• _Your task_
Below are some records; quote exactly the lines from the one that contains "广东省高级人民法院关于《合同法》施行后认定房地产开发经营合同思维导图" through the one that contains "Cedar City Violent", inclusive, and no others.

• _Dataset excerpts_
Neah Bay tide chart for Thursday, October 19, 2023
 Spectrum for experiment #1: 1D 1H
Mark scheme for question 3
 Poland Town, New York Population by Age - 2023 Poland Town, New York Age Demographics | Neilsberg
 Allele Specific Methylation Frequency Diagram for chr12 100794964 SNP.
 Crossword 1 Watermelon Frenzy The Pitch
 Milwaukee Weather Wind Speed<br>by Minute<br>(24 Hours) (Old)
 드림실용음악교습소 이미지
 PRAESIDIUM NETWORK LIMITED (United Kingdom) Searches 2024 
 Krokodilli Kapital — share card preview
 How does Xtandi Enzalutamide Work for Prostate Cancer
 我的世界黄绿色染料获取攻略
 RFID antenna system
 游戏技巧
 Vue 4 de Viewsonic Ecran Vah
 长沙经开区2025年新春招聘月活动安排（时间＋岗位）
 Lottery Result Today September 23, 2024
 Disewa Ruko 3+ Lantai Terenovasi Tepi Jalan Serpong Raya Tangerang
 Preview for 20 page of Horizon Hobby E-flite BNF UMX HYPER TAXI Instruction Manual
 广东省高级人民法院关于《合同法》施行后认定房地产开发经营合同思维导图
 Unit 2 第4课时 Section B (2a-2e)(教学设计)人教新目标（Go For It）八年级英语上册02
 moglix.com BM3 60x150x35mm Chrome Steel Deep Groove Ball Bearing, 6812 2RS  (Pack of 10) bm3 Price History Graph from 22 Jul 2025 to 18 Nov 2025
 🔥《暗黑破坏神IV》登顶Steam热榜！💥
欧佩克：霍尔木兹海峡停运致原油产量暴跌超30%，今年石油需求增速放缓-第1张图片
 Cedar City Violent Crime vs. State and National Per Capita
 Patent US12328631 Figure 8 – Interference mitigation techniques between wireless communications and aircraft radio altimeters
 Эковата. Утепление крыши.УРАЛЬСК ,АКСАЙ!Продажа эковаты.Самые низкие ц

• _Answer to this task_
 广东省高级人民法院关于《合同法》施行后认定房地产开发经营合同思维导图
 Unit 2 第4课时 Section B (2a-2e)(教学设计)人教新目标（Go For It）八年级英语上册02
 moglix.com BM3 60x150x35mm Chrome Steel Deep Groove Ball Bearing, 6812 2RS  (Pack of 10) bm3 Price History Graph from 22 Jul 2025 to 18 Nov 2025
 🔥《暗黑破坏神IV》登顶Steam热榜！💥
欧佩克：霍尔木兹海峡停运致原油产量暴跌超30%，今年石油需求增速放缓-第1张图片
 Cedar City Violent Crime vs. State and National Per Capita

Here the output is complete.